As expected, hares were never recorded next to rural buildings, where disturbance caused by men and domestic animals (dogs and cats) can be expected to be the highest, and in tree stands, supporting their preference for open areas.

While the role played by land use patterns in shaping the densities of hare populations has been widely studied, the effects of surveillance against poaching, i.e. the illegal taking of hares in protected areas, has received little attention, probably because protected areas for hare reproduction are a prerogative of the Italian game management system. We pointed out that lack of protection can largely affect hare density and thus the success of ZRCs. Poaching occurs mainly during the hunting season, and mortality is more likely to be additive rather than compensatory for ZRCs hosting low-density populations (Bartmann et al. 1992). It is widely recognized that local farmers and hunters can play a major role in the conservation and improvement of habitat quality for game species, with positive effects for biodiversity (Oldfield et al. 2003; Reid et al. 2010). Although differences were not statistically significant, our results suggest that the involvement of stakeholders may ensure the most effective protection against the incursions of outsiders, who are perceived to threaten the interests of the local community (Bell and Morse 2007).

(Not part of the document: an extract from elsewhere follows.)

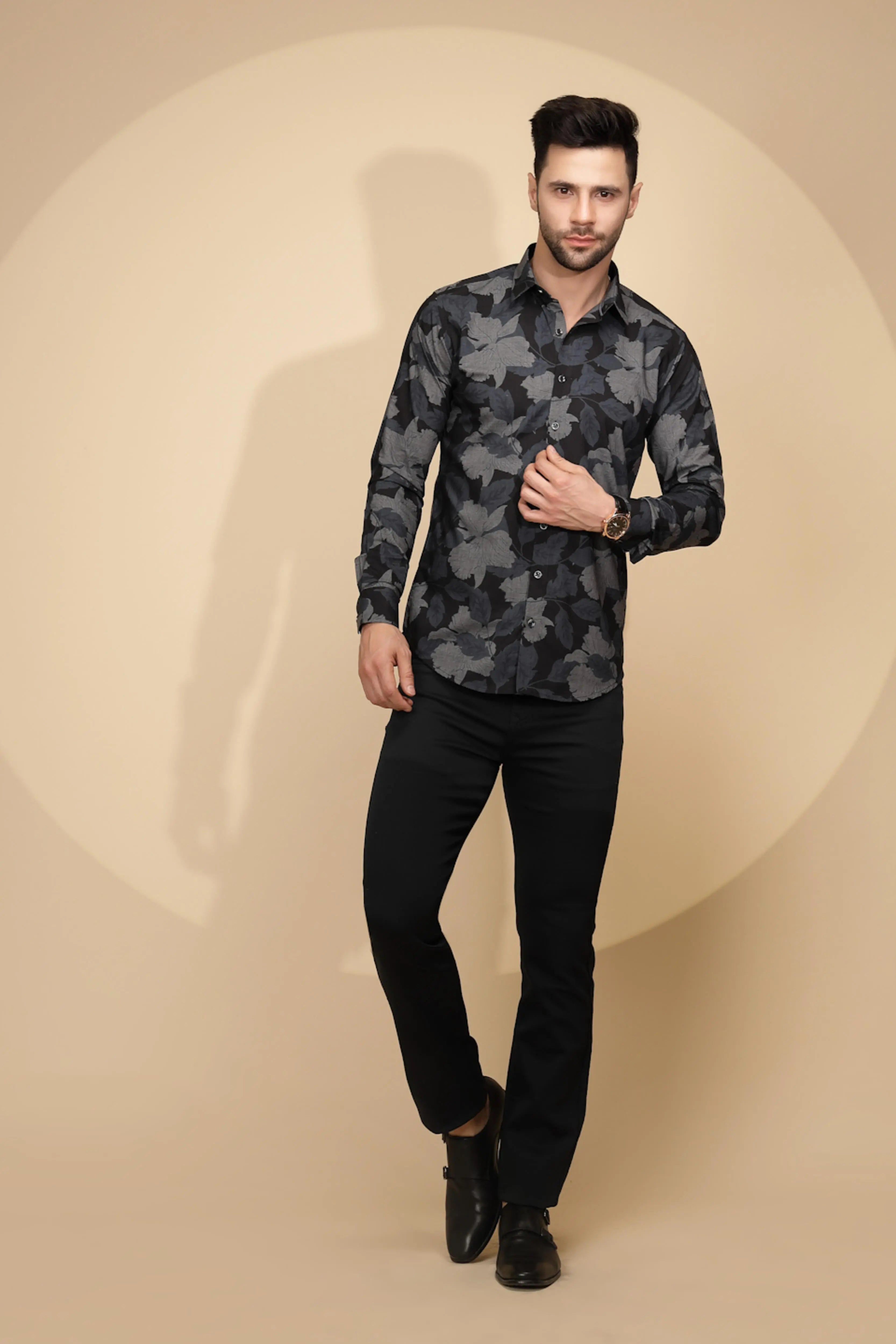Black Cotton Regular Fit Shirt For Mens - Global Republic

As expected, older ZRCs tended to host larger hare populations, suggesting that two decades of effective protection may be necessary to set up viable populations. The positive effect of barriers at the boundaries of the protected areas may depend on the reduction in hunting pressure at the ZRC-hunting ground interface during the hunting season; alternatively, barriers, at least roads with high traffic densities and wide canals (Underhill and Angold 2000), may limit hare dispersion and enhance philopatry.

Conclusions

Habitat restoration aims to support declining species as well as societal demands for ecosystem goods and services (Hanberry et al. 2015). In this regard, being a traditional game species throughout Europe, the brown hare can play a pivotal role.

Through the analysis of a large dataset, we confirmed that habitat heterogeneity is a major factor affecting hare density in intensively cultivated land. Our results support those obtained by landscape simulation models, which suggest that any management measure increasing farmland diversity has the potential to increase hare abundance (Langhammer et al. 2017).

In contrast, in the central Po-plain, in the last decade, the cover of widespread maize and rice fields has increased, to the detriment of barley and winter wheat fields, together with the use of herbicides and insecticides (data from the archives of the national institute for statistics and Lombardy region; Balestrieri et al. 2019). Increasing cultivation of intensive crops, and associated loss of rotational set-aside, are expected to have a negative impact on European hares (Gevers et al. 2011).

In the national authorities’ intention, the dispersion of wild-born hares from ZRCs should ensure the natural restocking of surrounding hunting areas, averting the release of non-native strains or captive-reared individuals. To achieve this goal, it is paramount to ensure greater public awareness and the involvement of local stakeholders in the management of both protected areas and hunting territories.